- Supreme Court of the United States

Argued October 23, 1916 Decided November 13, 1916
- Full case name: Cross v. United States
- Citations: 242 U.S. 4 (more) 37 S. Ct. 5; 61 L. Ed. 114; 1916 U.S. LEXIS 1569

Case history
- Prior: On appeal from the Court of Claims
- Subsequent: No subsequent appellate history or revisitation.

Holding
- Fees may not rightfully be charged against the United States by a clerk of a federal court for making triplicate copies of declarations of intention, or for attaching the seal of the court thereto. The Naturalization Act, by the express prohibition against additional charges, precludes any right of the clerk which might otherwise exist to charge fees against the United States for the services here in question.

Court membership
- Chief Justice Edward D. White Associate Justices Joseph McKenna · Oliver W. Holmes Jr. William R. Day · Willis Van Devanter Mahlon Pitney · James C. McReynolds Louis Brandeis · John H. Clarke

Case opinion
- Majority: White, joined by Holmes, McKenna, Day, Van Devanter, Pitney, McReynolds, Brandeis, Clarke

Laws applied
- Naturalization Act of 1906, §828 Rev. Stat.

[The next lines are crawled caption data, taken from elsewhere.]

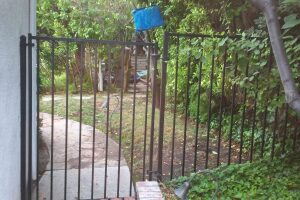 Repair Handyman Rod Iron Fence Repaint - Repair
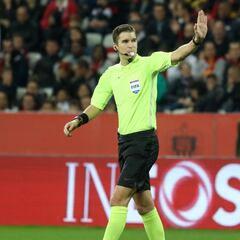 Who is François Letexier, the referee for Real Madrid - Napoli in the Champions League?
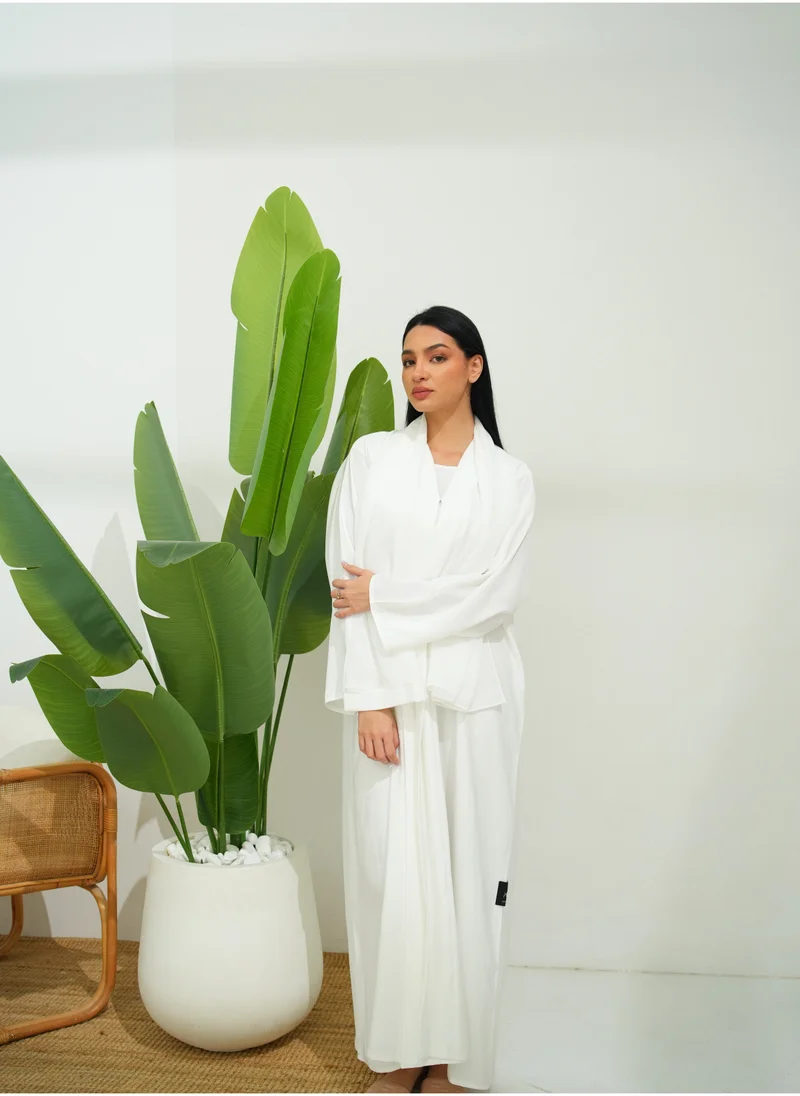 جميلة White Classic Open Abaya 3 pieces Set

= Cross v. United States (1916) =

Cross v. United States, 242 U.S. 4 (1916), was a United States Supreme Court case regarding remuneration for clerks of the court for the copying and docketing of naturalization claims.

==Prior History==

Appellant Cross, a federal court clerk, filed a claim against the United States to be paid fees for making triplicate copies of original declarations of intention for naturalization and attaching the seal of the court to the same. The United States Court of Claims (then simply the Court of Claims) denied his claim. The clerk appealed.

==Holding==
Justice White wrote the opinion of the court:

A charge by a clerk of a Federal district court of fees for making, on the direction of the Bureau of Immigration and Naturalization, triplicate copies of original declarations of intention for naturalization, and attaching the seal of the court, is not authorized by the general provisions of U. S. Rev. Stat. 828, since if the duty to render such services was expressly commanded by the Naturalization Act of June 29, 1906, the right to charge therefore would be clearly forbidden by the prohibitory provision of §21, such services not having been included in the enumeration of fees in §13.